Wednesday, December 1, 2021

Residential Schools

*Trigger warning: This lesson contains information about the operations of the Residential School System in Canada, which was in place from the 1880s until 1996. It is my goal to publish this to inform and educate, not to harm anyone who may be re-living the trauma of this system.

The Indian Residential Schools Crisis Line is available 24-hours a day for anyone experiencing pain or distress as a result of his or her Residential school experience. Please call 1-800-721-0066. For more information on the program, please refer to the FNHA website.*

 

“Two primary objectives of the residential school system were to remove and isolate children from the influence of their homes, families, traditions and cultures, and to assimilate them into the dominant culture. These objectives were based on the assumption Indigenous cultures and spiritual beliefs were inferior and unequal. Indeed, some sought, as it was infamously said, “to kill the Indian in the child.” Today, we recognize that this policy of assimilation was wrong, has caused great harm, and has no place in our country.”

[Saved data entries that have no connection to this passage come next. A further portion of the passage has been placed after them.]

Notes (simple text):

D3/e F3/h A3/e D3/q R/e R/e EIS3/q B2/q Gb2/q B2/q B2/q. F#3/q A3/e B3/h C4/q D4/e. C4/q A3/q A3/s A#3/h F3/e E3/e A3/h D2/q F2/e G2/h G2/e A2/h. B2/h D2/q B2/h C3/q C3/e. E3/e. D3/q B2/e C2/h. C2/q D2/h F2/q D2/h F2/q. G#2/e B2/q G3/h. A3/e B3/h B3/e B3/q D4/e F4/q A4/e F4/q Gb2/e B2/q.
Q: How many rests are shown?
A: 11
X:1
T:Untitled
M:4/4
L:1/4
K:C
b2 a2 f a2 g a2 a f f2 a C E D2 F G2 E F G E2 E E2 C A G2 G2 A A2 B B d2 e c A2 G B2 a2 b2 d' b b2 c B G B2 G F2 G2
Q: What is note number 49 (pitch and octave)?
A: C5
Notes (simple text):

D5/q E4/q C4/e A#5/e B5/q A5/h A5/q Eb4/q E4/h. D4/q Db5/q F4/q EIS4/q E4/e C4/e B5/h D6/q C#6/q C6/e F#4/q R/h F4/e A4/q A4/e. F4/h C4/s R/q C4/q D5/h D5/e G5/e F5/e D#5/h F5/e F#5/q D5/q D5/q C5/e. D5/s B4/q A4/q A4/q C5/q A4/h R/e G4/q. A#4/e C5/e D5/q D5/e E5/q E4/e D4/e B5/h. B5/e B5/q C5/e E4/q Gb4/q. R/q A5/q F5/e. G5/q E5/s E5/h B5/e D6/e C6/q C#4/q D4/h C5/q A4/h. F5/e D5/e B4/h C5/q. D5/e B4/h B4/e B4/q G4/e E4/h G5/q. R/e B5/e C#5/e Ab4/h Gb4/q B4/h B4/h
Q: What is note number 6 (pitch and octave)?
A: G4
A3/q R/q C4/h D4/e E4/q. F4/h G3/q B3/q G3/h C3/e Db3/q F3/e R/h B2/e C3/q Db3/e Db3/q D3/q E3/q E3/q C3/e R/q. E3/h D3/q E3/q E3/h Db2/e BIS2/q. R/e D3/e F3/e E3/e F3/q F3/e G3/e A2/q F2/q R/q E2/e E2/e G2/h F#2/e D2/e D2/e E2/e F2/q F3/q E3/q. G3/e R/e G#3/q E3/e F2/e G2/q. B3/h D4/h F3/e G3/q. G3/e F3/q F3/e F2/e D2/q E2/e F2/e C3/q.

– Prime Minister Stephen Harper, official apology, June 11, 2008

 

  • The term residential schools refers to a school system set up by the Canadian government and administered by churches designed to educate Indigenous children but also indoctrinating them into Euro-Canadian and Christian ways of living.
  • The residential school system operated from the 1880s into the closing decades of the 20th century and forcibly separated children from their families for extended periods of time, forbidding them to acknowledge their Indigenous heritage and culture or to speak their own languages.
  • Nicholas Flood Davin, under direction from Prime Minister Sir John A. Macdonald, recommended following the U.S. example of “aggressive civilization” in the school system.
  • Authorities would frequently take children to schools far from their home communities, part of a strategy to alienate them from their families and familiar surroundings.
  • In 1920, under the Indian Act, it became mandatory for every Indian child to attend a residential school and illegal for them to attend any other educational institution.
  • Because the government’s and the churches’ intent was to eradicate all aspects of Indigenous culture in these young people and interrupt its transmission from one generation to the next, the residential school system is commonly considered a form of cultural genocide.
  • This genocide was multi-faceted:
    • Students were separated from their families
    • Students had their hair cut short
    • They were dressed in uniforms
    • Their days were strictly regimented
    • Boys and girls were kept separate
    • Students were strictly forbidden to speak their languages or to practice Indigenous customs or traditions.
  • Teachings focused primarily on practical skills.
    • Girls were taught to do laundry, sew, cook, and clean.
    • Boys were taught carpentry, tinsmithing, and farming.
    • Many students only attended class part-time (most only reaching a grade 5 level by their 18th birthday) and worked for the school the rest of the time:
    • Girls did the housekeeping
    • Boys did general maintenance and agriculture.
  • Emotional and psychological abuse was constant, physical abuse was used as a punishment, and sexual abuse was also common.  
  • B.C. Supreme Court Justice Douglas Hogarth stated, “As far as the victims were concerned, the Indian residential school system was nothing more than institutionalized pedophilia.”
  • In 1907, government medical inspector P.H. Bryce reported that 24 percent of previously healthy Indigenous children across Canada were dying in residential schools, and anywhere from 47-75% of students discharged from residential schools died shortly after returning home
  • The Royal Commission of Indigenous Peoples concluded that church and state officials were fully aware of the abuses and tragedies at the schools.
  • Some former students have fond memories of their time at residential schools, and certainly some of the priests and nuns who ran the schools treated the students as best they could given the circumstances. But even these “good” experiences occurred within a system aimed at destroying Indigenous cultures and assimilating Indigenous students.